The Best Road Food - From Texas to Virginia

Texas Road Food
If you’re passing through Texas on your road trip, there are three "must-have" road foods you must eat while you’re in the state. Prepare to enjoy large servings, too – they’re not kidding when they say that everything’s big in Texas!

Road Food

First, if there’s one dish that Texans are proud of, it’s their particular brand of chili which is meaty and smoky and rarely contains beans (purists say that real chili never has beans or tomatoes). Sometimes the beef is cut into bite-size chunks and sometimes it’s finely ground, but it’s always flavored by chili peppers and other spices. There’s nothing like a hearty bowl-full.

The next top choice for road food is barbecue, and the best place to get it is in central Texas. Texas barbecue is all about beef (pork ribs sometimes) and smoke, unlike Southern barbecue which is always pork and a lot of the focus is on the sauce. In Texas, some places don’t offer barbecue sauce, not even on the side! That’s how proud Texans are of their famed pit-masters. Make sure to have a big ol’ plate of beef brisket – an ultimate Texas road food.

Tex-Mex is another great road food for your visit to this state. With a name like that, you know what it is: Mexican food influenced by the early settlers of the area. The biggest changes were the addition of cheese and beef to recipes that were once simpler bean and corn dishes.

The best place to get it: When it comes to Texas chili, it's generally a home-cookin' experience, but if you're traveling through this state when a chili cook-off is being held, definitely attend one and try some of the best Texas chili out there.

For the best Tex-Mex you’ll find anywhere, look no farther than Little Diner in Canutillo. Their red chili is the real thing and people can’t stop talking about their gorditas and flautas. For a place with "little" in its name, the flavors are HUGE!
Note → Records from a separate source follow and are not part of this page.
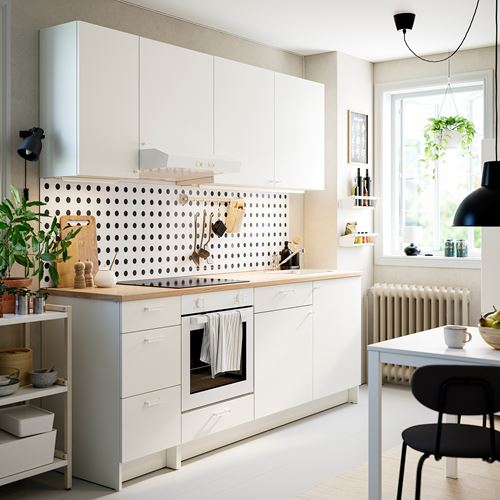 IKEA - KNOXHULT, kitchen storage combination, white, 220x61x220 cm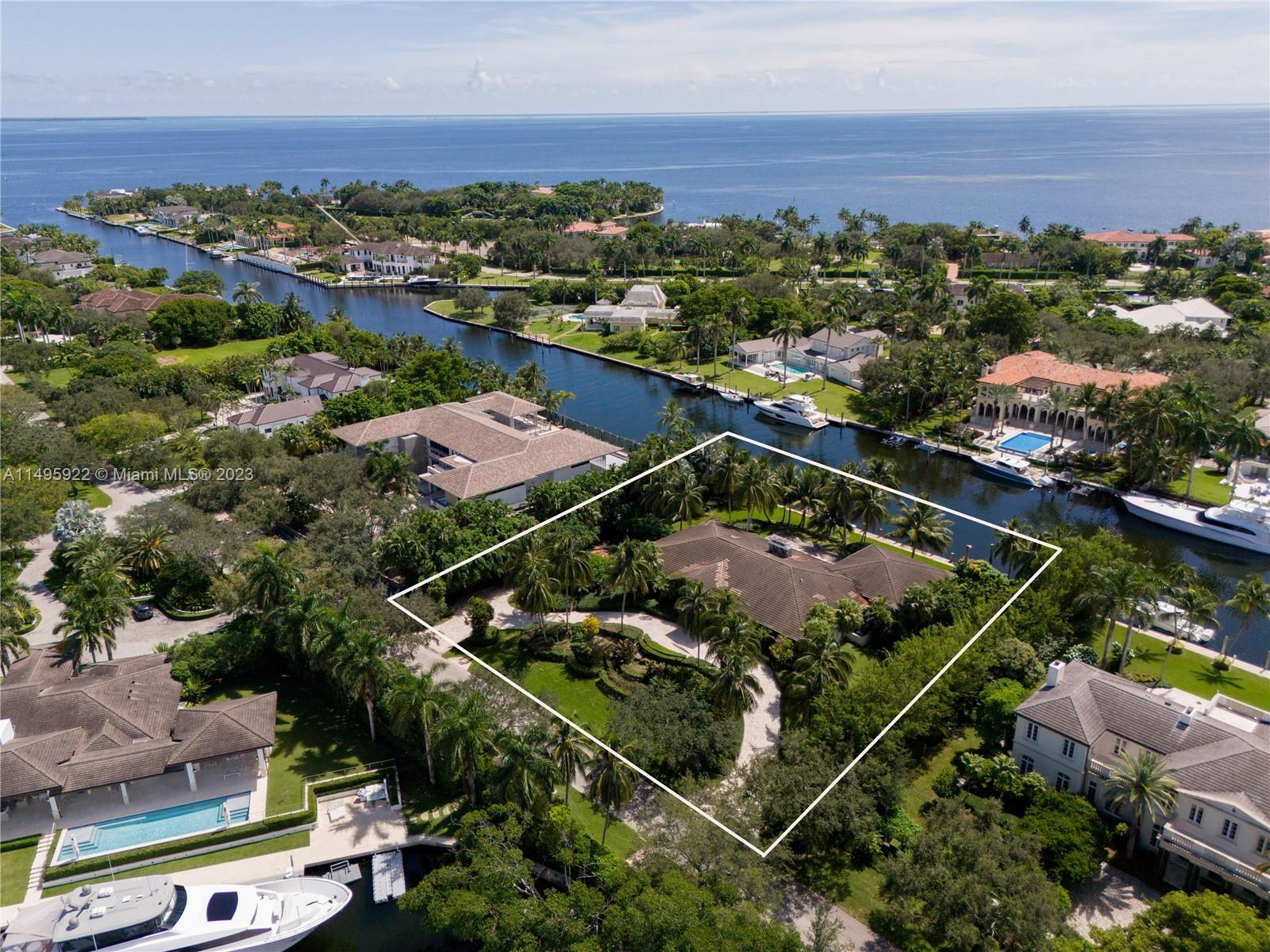250 Leucadendra Dr, Coral Gables, Florida 33156, ,Land/boat Docks,For Sale,GABLES ESTATES NO 2,Leucadendra Dr,A11495922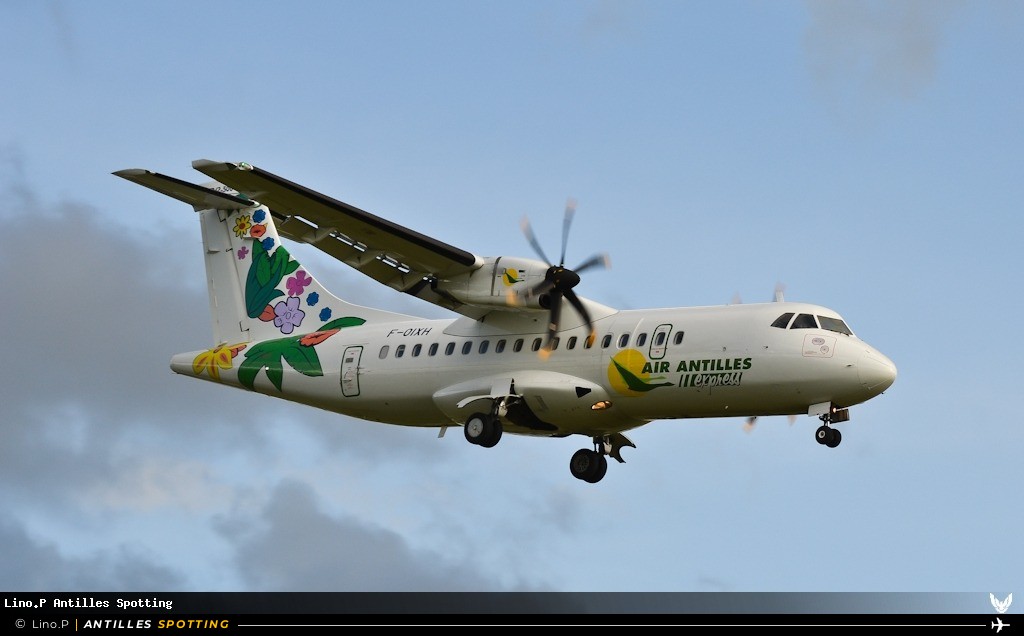 F-OIXH · ATR 42-500, Air Antilles Express, Pointe-à-Pitre – Maryse Condé
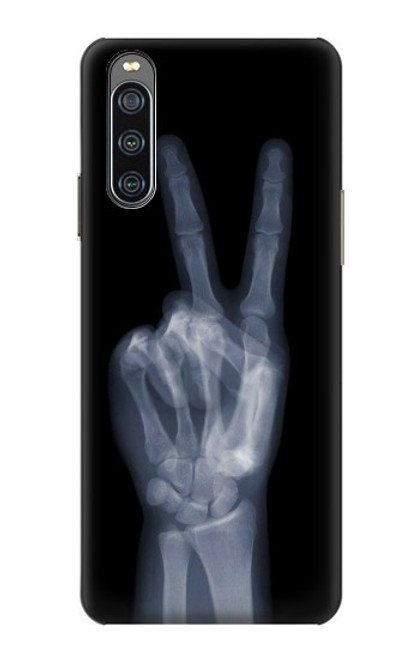 S3101 X-ray Peace Sign Fingers Case For Sony Xperia 10 IV
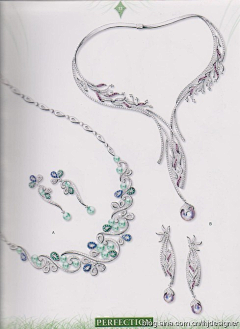 J金香X采集到珠宝设计手绘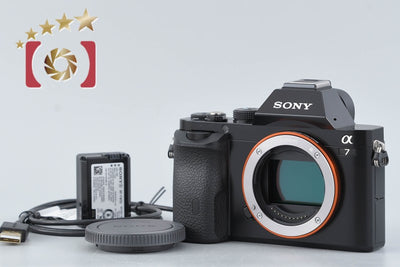 【Used】SONY α7 ILCE-7 Mirrorless Interchangeable-Lens Camera, Low Shutter Count, Multi-Language Support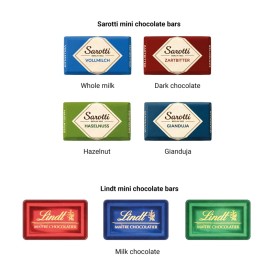 Luxe bureau adventskalender - 24 chocolaatjes - volledig bedrukt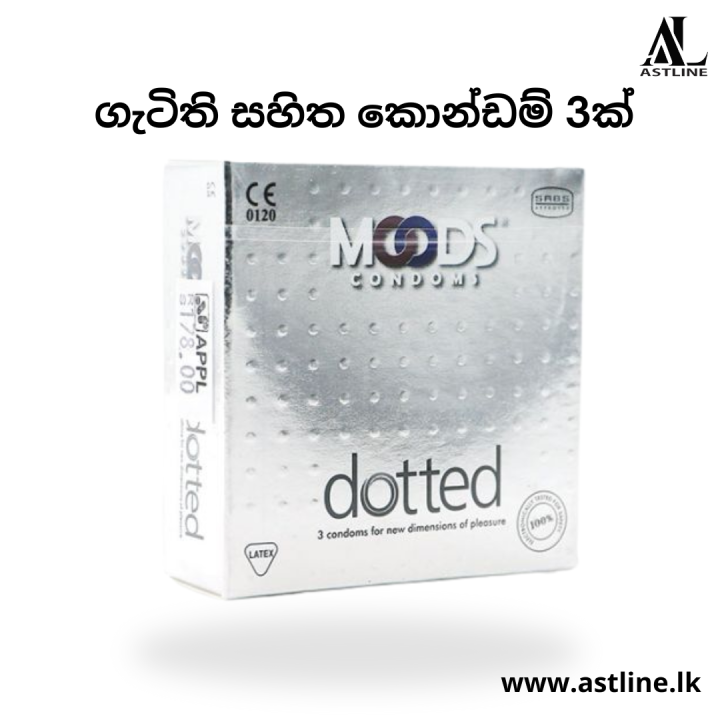 MOODS Dotted Condoms 3 Pcs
There’s a big battle on for the best Texas barbecue, but if you stick to the two rules of true Texas barbecue: cooked in a pit with wood/smoke and no sauce added whatsoever, then the hands-down winner according the popular vote is Louie Mueller’s in Taylor. The incredibly juicy and flavorful beef brisket here is so good, it’s awe-inspiring. Locals and road trippers everywhere would drive to Texas just to get some of this unbelievable brisket. What are you waiting for?

Utah Road Food
Honey is one of the chief commodities of Utah, "the beehive state", and if you pair some honey-butter with a food truly unique to Utah, deep-fried scones, you have a deliciously perfect road food for your visit to this state.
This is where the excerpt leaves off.